“Todo dia a mesma noite” de Daniela Arbex é uma obra atemporal de resistência e esperança
Resenha: O livro-reportagem lançado em 2018 e reimpresso em 2023 retrata as múltiplas tragédias decorridas do incêndio da Boate Kiss em 27 de janeiro.
Por Laura Machado (Agência Focas – Jornalismo Uniso)
“Todo dia a mesma noite” marca o início da parceria entre Daniela Arbex e a editora Intrínseca. Seus dois primeiros livros, “Holocausto Brasileiro” e “Cova 312”, foram publicados pela Editora Geração Editorial. Porém, não é apenas a editora que diferencia o terceiro livro de Arbex de suas publicações anteriores.

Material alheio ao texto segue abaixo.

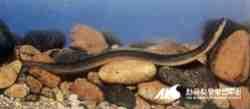 임원경제지 에유어 ( 柳魚 ) 를한글로 버들치 라고기록하였는데강버들밑에서유영하는것을좋아하므로이름을버들치라고한것으로여겨진다. 뱀장어 ( 학명 Anguillia japonica TEMMINCK et SCHLEGEL) - 뱀장어목뱀장어과 뱀장어는장어류가운데유일하게바다에서태어나강으로올라가생활하는회류성어류이다. 형태는몸이둥글고길어서다른어류들과쉽게구별된다.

Em suas primeiras obras, a autora apresenta uma estrutura linear, porém explora estruturas não lineares e a alternância de perspectivas e temporalidades em seu terceiro lançamento. Essa construção narrativa faz todo sentido quando falamos de uma tragédia tão ampla quanto a da Boate Kiss, quando falamos de 242 vítimas, entre muitas outras vidas afetadas. Não existe linearidade correta, o luto e a luta não respeitam uma linha de temporalidade. Eles acontecem a todo momento, as lembranças de dias tão dolorosos não respeitam ordem cronológica, não pedem permissão para vir.
É dessa forma que Daniela explora a memória como uma das grandes potências do livro, detalhando a rotina de cada entrevistado naquele fatídico 27 de janeiro.
O formato com que a autora introduz as histórias dos pais das vítimas nos envolve. Ela conta aos poucos como passaram a noite da tragédia, nos fazendo sentir a agonia junto com eles. Ao intercalar as histórias, sem dar respostas rápidas sobre o que aconteceu com os filhos, ela reforça o que aqueles pais sentiram: ansiedade, desespero e a vontade de saber se estava tudo bem, se os filhos estavam vivos ou mortos. Ao longo do livro, muitas histórias também começam a se entrelaçar e começamos a entender melhor a produção narrativa e a escolha de cada personagem.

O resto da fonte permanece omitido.